A simple pendulum consists of a small sphere of mass `m` suspended by a thread of length `l`. the sphere carries a positive charge `q`. The pendulum is placed in a uniform electric field of strength `E` directed vertically upwards. With what period will the pendulum oscillate if the electrostatic force acting on the sphere is less than the gravitational force?

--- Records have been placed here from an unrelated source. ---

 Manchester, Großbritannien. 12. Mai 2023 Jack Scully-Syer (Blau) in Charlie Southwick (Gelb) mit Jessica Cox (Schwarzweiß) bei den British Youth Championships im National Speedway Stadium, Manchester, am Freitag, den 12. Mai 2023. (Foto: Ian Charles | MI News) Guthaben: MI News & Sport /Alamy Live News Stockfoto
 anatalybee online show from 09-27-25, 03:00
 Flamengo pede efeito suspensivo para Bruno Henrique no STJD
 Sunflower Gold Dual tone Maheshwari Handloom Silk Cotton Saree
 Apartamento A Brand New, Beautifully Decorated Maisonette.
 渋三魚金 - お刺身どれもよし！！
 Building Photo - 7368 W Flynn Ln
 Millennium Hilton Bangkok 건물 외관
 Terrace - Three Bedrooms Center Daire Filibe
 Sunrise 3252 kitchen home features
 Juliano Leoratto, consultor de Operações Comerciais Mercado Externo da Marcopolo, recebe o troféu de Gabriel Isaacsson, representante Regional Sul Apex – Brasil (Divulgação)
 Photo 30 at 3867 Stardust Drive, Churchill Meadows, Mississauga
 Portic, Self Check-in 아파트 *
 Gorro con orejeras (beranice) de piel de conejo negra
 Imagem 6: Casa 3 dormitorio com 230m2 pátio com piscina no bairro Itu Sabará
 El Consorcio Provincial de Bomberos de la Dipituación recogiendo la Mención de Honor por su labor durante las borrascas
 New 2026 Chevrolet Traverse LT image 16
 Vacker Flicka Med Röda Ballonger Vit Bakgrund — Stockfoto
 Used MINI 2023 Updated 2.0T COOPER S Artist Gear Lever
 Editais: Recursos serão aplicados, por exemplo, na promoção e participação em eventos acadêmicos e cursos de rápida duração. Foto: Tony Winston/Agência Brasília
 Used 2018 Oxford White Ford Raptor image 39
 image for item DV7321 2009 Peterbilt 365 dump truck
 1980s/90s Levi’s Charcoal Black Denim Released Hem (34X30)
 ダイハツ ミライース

To find the period of a simple pendulum consisting of a charged sphere in a uniform electric field, we can follow these steps: ### Step-by-Step Solution: 1. **Identify Forces Acting on the Sphere**: - The gravitational force acting downwards is given by \( F_g = mg \), where \( m \) is the mass of the sphere and \( g \) is the acceleration due to gravity. - The electrostatic force acting upwards due to the electric field is given by \( F_e = qE \), where \( q \) is the charge on the sphere and \( E \) is the strength of the electric field. 2. **Determine the Net Force**: - Since the electrostatic force is less than the gravitational force, we can write the net force acting on the sphere as: \[ F_{\text{net}} = F_g - F_e = mg - qE \] 3. **Calculate Effective Acceleration**: - According to Newton's second law, the net force is also equal to the mass times the acceleration (\( F = ma \)). Thus, we can express the net force as: \[ ma = mg - qE \] - Dividing both sides by \( m \) gives us the effective acceleration: \[ a = g - \frac{qE}{m} \] - We denote this effective acceleration as \( g_{\text{effective}} \): \[ g_{\text{effective}} = g - \frac{qE}{m} \] 4. **Substitute into the Formula for Period**: - The period \( T \) of a simple pendulum is given by the formula: \[ T = 2\pi \sqrt{\frac{l}{g_{\text{effective}}}} \] - Substituting our expression for \( g_{\text{effective}} \): \[ T = 2\pi \sqrt{\frac{l}{g - \frac{qE}{m}}} \] 5. **Final Expression**: - Therefore, the period of the pendulum oscillating in the electric field is: \[ T = 2\pi \sqrt{\frac{l}{g - \frac{qE}{m}}} \]